The melodramatics are 19th Century with the difference that they are always faked for the effect on the other characters, who look at the ground most of the time, except when they look up to "drill" one another or to look fleetingly in one another's eyes and swear undying devotion in a casual voice. Typical lines: ''Aren't you getting a little hysterical?" "I know this whole sordid nightmare." "I won't stand this treachery." "Now you're getting sentimental." "He said, 'Don't be silly,' so I shot him." All the characters light cigarets at critical moments.
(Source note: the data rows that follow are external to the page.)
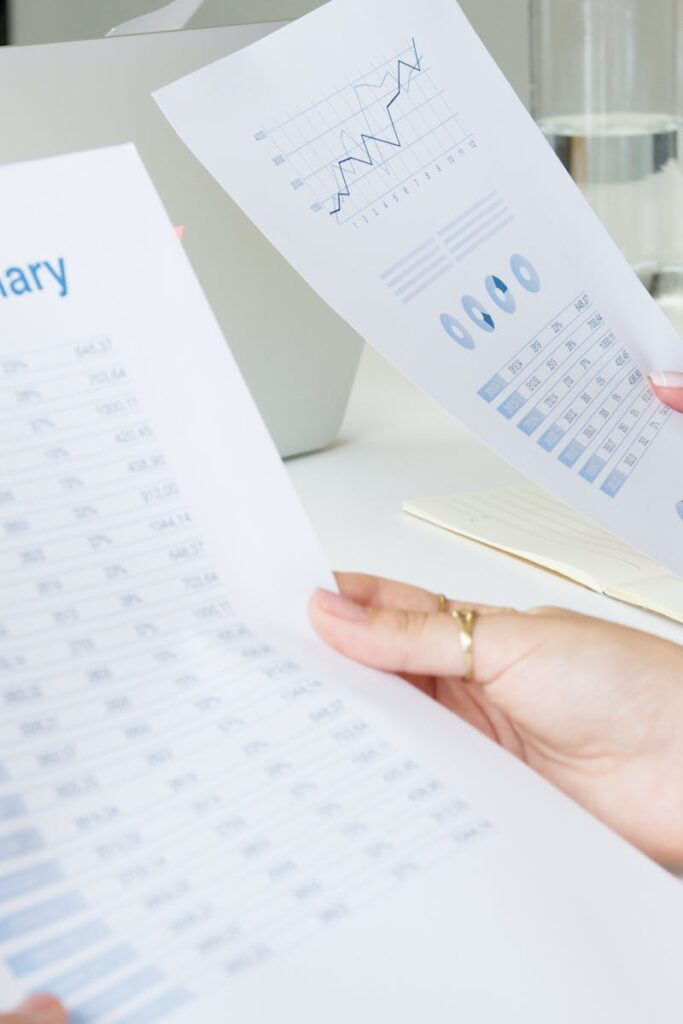 Two business professionals analyzing reports in a modern office setting.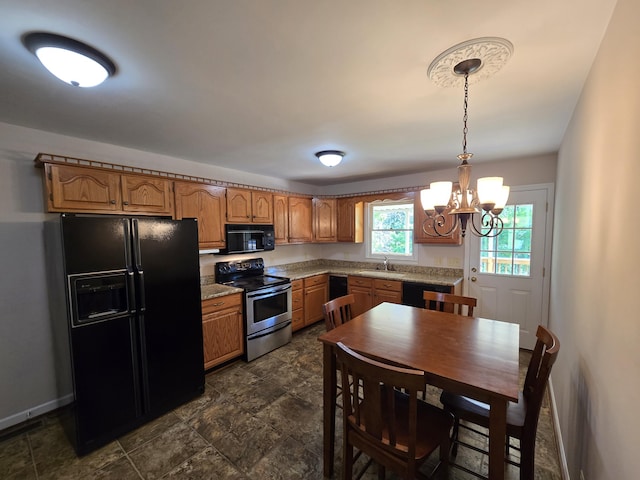 411 Raleigh Ave, Vinton, VA 24179 - kitchen featuring black appliances, a chandelier, brown cabinets, a sink, and hanging light fixtures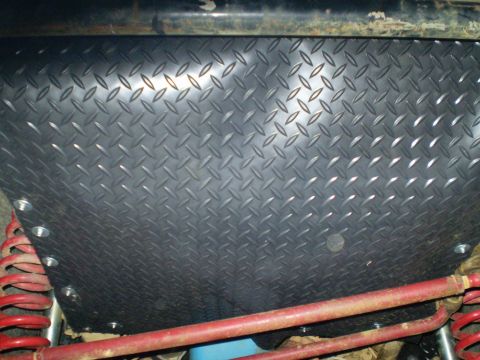 1978 Ford Bronco - Undercarriage view of a diamond plate skid plate, with visible red suspension components and a Supermotors.net watermark.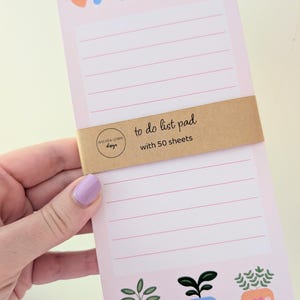 May include: A light pink to-do list pad with horizontal lines and a brown paper band labelled "to do list pad with 50 sheets" and "Andrea Lemin design". The pad features blue "to do" text, small heart and flower icons, and three potted plant illustrations.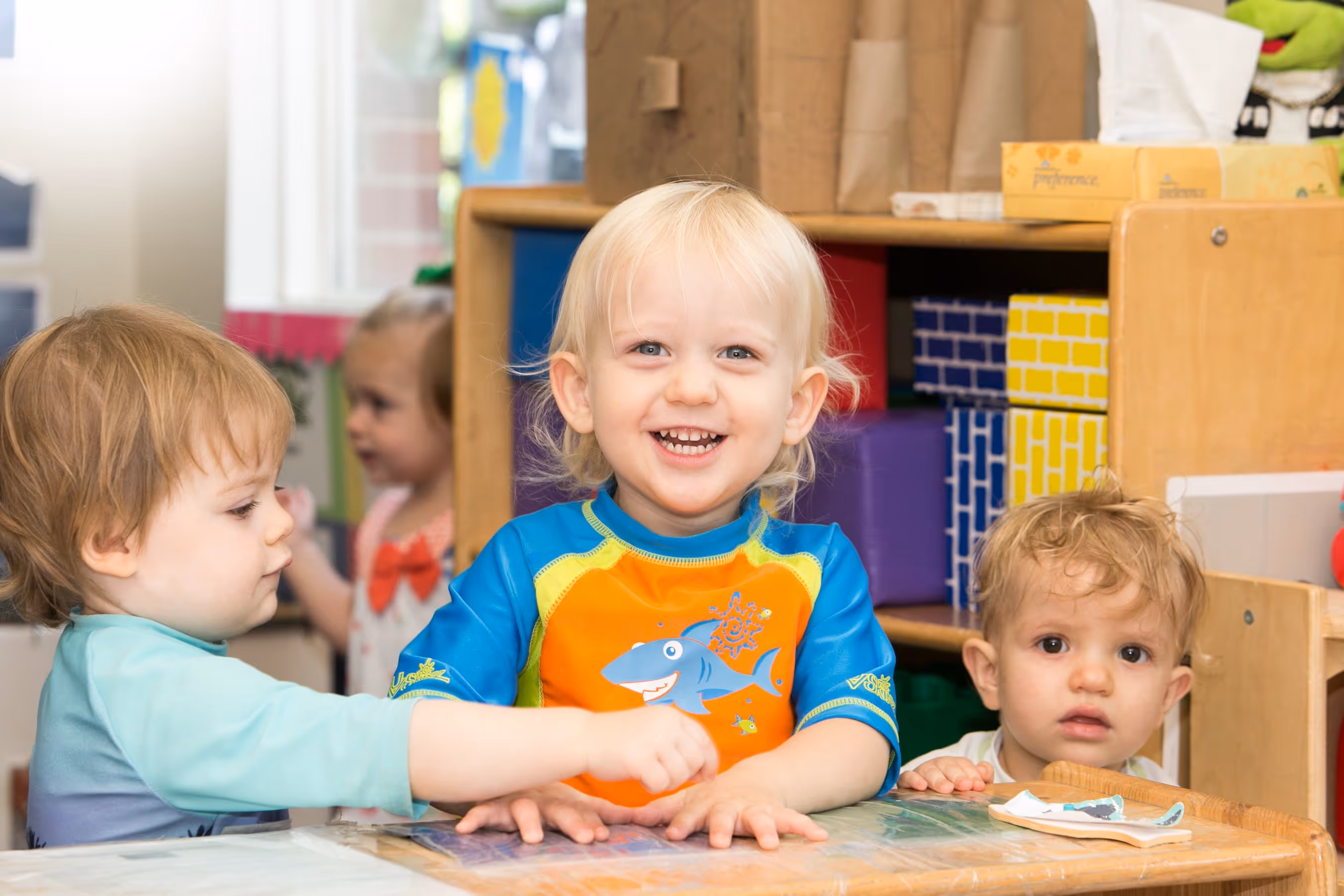 Three toddlers sitting and playing at a small table in a colorful classroom.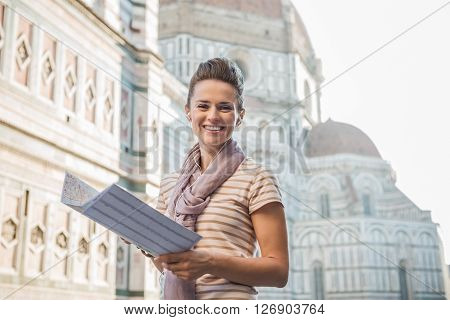 Happy Woman Tourist With Map Listening To Audio Guide, Florence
Night World (Universal) is a neat, legible carbon-copy of several other night club pictures. The night club's patrons, entertainers, chorus girls, doorman, policeman, gangsters, gamblers all get into the picture because they are all in the night club. Director Hobart Henley can thus change the subject whenever one set of characters begins to get dull, as in Vicki Baum's kaleidoscopic Grand Hotel. Mae Clarke is a square-shooting chorus girl who talks like a Girl Scout. She pities a young patron (Lew Ayres) who is the scion of a famed murder case and drinks to forget. Young love burgeons while gyp and doublecross are rampant all around, practiced by the proprietor (Boris Kar-loff), his wife (Dorothy Revier), her lover, the guests and Lew Ayres's mother (Hedda Hopper). Besides the burgeoning juveniles, only an honest policeman (Robert Emmett O'Connor) and a ratiocinative Negro doorman stay sweet & simple. While Ayres & Clarke prattle innocently about emigrating to the island of Bali in the South Pacific, gangsters wipe out the proprietor & his wife. The honest policeman kills the gangsters. Typical hardboiled shot: Mae Clarke telling the proprietor's wife who has offered to hold Lew Ayres's money until he sobers up: "Thanks, but I haven't time to count it." Typical emotional shot: Lew Ayres telling his mother, "You've just been a beautiful stranger to me. Did we ever have one hour together as mother and son?" Good shots: kaleidoscopic scenes of Manhattan nightlife.